ASSIGNMENT = Every record below should be printed exactly, except for the pictures.

STORED DATA =
++++++++

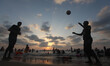 The silhouette of Palestinians at the beach are seen as the sun sets during a summer's day...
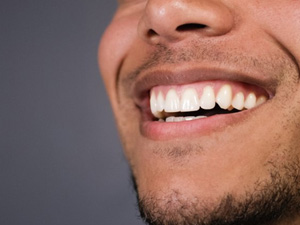 Close up of man’s smile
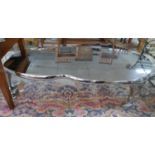 A contemporary chrome coffee table of unusual form, on three legs, H.45 W.177 D.88cm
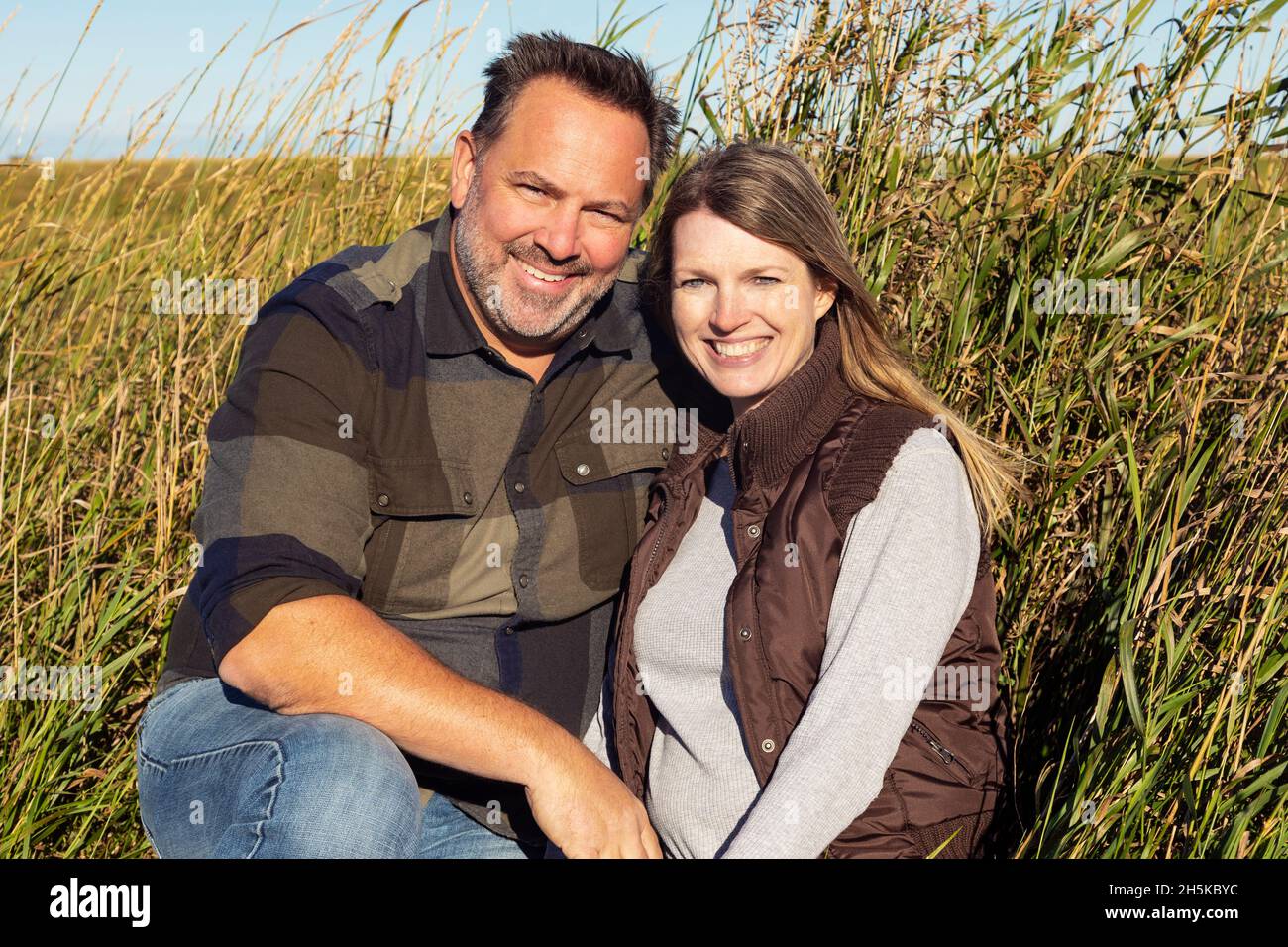 Portrait d'un couple d'âge mûr assis sur un terrain agricole; Alcomdale, Alberta, Canada Banque D'Images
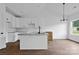 Bright kitchen with an island, stainless steel appliances, and hardwood floors at 143 Tranquility Ln, Harmony, NC 28634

++++++++

SOLUTION BELOW =
 The silhouette of Palestinians at the beach are seen as the sun sets during a summer's day...
 Close up of man’s smile
 A contemporary chrome coffee table of unusual form, on three legs, H.45 W.177 D.88cm
 Portrait d'un couple d'âge mûr assis sur un terrain agricole; Alcomdale, Alberta, Canada Banque D'Images
 Bright kitchen with an island, stainless steel appliances, and hardwood floors at 143 Tranquility Ln, Harmony, NC 28634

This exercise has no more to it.